New TwELL Format Speeds Up Sparse LLM Training
- •Sakana AI and NVIDIA introduce TwELL, a new format for sparse transformer models.
- •TwELL utilizes custom CUDA kernels to dynamically route tokens for improved memory efficiency.
- •Benchmarks demonstrate over 20% faster speeds and reduced memory usage for billion-parameter models.
The article presents 'TwELL' (Tile-wise ELLPACK), a new technical approach designed to optimize Large Language Models that utilize sparse architectures—models where only a small subset of neurons are active for any given input. While modern LLMs are inherently sparse, standard hardware often struggles with the irregular memory access patterns this creates.
To solve this hardware mismatch, researchers developed a 'Hybrid' format. TwELL dynamically routes the majority of sparse tokens through a fast execution path, while relying on a dense backup matrix to handle complex, heavy tokens. This strategy prevents GPUs from struggling with the irregular structure of sparse math.
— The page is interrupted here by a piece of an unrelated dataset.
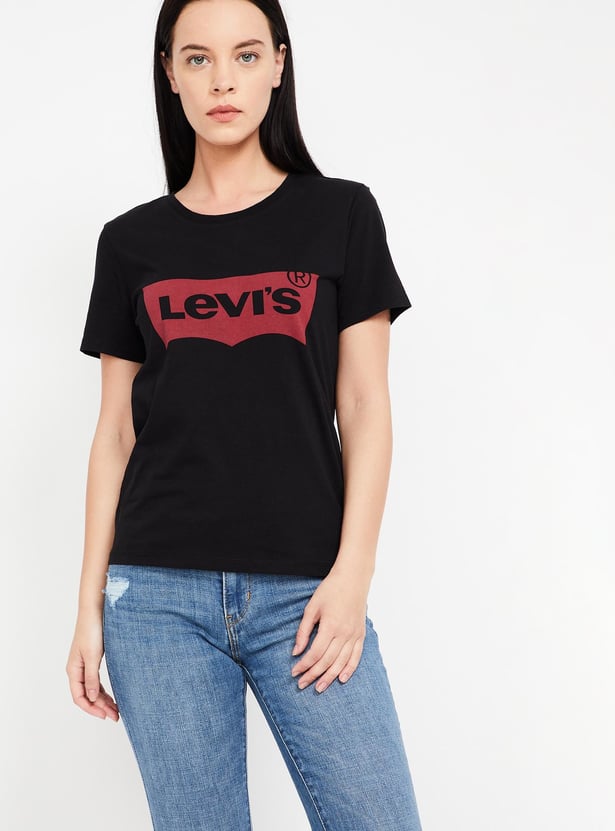 LEVI'S Regular Fit Typographic Print T-shirt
The team introduced custom CUDA kernels that fuse multiple sparse matrix multiplications, maximizing hardware throughput and minimizing activation sizes. In training and benchmarks on billion-parameter models, this method reportedly achieved speedups exceeding 20%, alongside significant improvements in memory and energy efficiency. The work is scheduled for presentation at ICML 2026.